Happy Valley Fireworks 2010

For the second year in a row, Western Display Fireworks decided to trust Jenn and I to run our own show. This year we were in Happy Valley, OR.

The show was a little smaller than last year with around 300 shells and seven pre-fused boxes. It lasted about 18 minutes.

We had a good crew and both setup and cleanup went surprisingly quickly. Some of the crew are folks who had worked with me in previous years, some were new.

Here are the edited highlights:

One of my crewmembers, Alex, also took some great photos.

We had a lot of visits from city and state officials this year, way more than any other show I’ve ever been on. Fire crews checking things out, asking where to be stationed; police figuring out what the best way to secure things might be; the fire marshal running around with his checklist making sure we’re doing things to spec… it was pretty intimidating, to be honest. Shows how much they’re cracking down on this stuff. I guess they had something like 12 police units out patrolling for illegal fireworks that night.

From a retrospective standpoint there are a couple of things to mention:

  • I still hate driving the truck. Just thinking about driving a moving truck makes me tense up. Lighting explosives next to my head? No problem. Driving the moving truck? Problem. Jenn is a freaking truck-driving maniac so she took care of it most of the time, but I still had ample opportunity to tense up behind the wheel.
  • It is really, really hard to get a crew together. Really hard. Beyond hard. We had a really great crew this year, just as we did last year, but even giving people over a month’s notice it’s difficult to get folks to commit to being there… and you really need people you can count on to be there, or the whole thing will be a tough stunt to pull off. People cancel at the last minute, people don’t show up… and folks don’t realize that this isn’t like “Hey, I’m having a party, show up if you can” - it’s more “Hey, I truly need some help, so if you say you’re going to make it, I need to actually be able to count on you to be there 100% guaranteed.” Plus, it’s difficult work, lots of lifting and digging and such, and it’s not for everyone, so you sort of “burn through your contacts list” pretty quickly looking for folks.

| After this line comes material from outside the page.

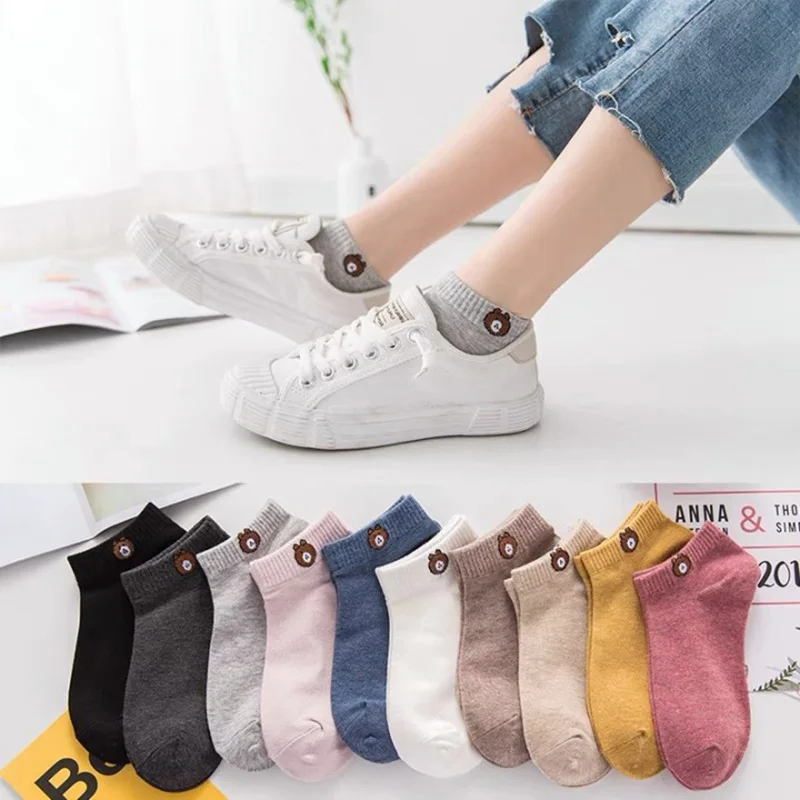 1 Pairs Women Socks Breathable Sports socks Solid Color Boat socks Comfortable Cotton Ankle Socks White Black Funny Socks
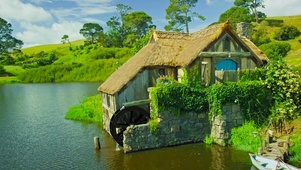 湖边水车小木屋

I was working on getting crew together until a week ago.
  • We probably could have gone just a tad faster. Looking back at the video, things felt a little slow overall. I don’t remember it being that way when we were there, and watching fireworks on video is sort of dumb and anticlimactic anyway, but there were a few dead spots where I feel like we should have had something in the sky. Granted, we couldn’t have gone too fast or the show would have finished in ten minutes or less… but I think this was maybe more of a 12 - 15 minute show than the 18 minutes we got out of it. Live and learn. You don’t really get to “practice” this stuff.

All in all, it was a great show.

As for next year, I’m not sure what the plan is. It was so hard to get a crew together this year, and there was so much work around coordinating the whole thing - getting the truck, scheduling people to be where they need to be, making sure people have their questions answered, following up to make sure everyone brought everything they were supposed to, etc.

  • that it’s really started to be much less fun than it used to be.

In some cases getting a show together is like getting a small wedding together. Is the caterer there? Did the cake arrive? How many people are showing up? Did you plan for enough food? Too much food? Where the hell is the groom? In the end, I’m questioning whether it might be time to take a break.

If I do, I’d either have to let my pyro license expire or do a make-up show (since you have to have a minimum number of shows to renew your license)… but the only reason I have my license is to do shows, so it’s sort of Catch-22-ish. The only reason to be licensed besides that is basically just to have the ability to say I’m licensed.

Anyway, something to think about. In the meantime, we had a great show this year, so thanks to the crew for all their hard work in making it happen!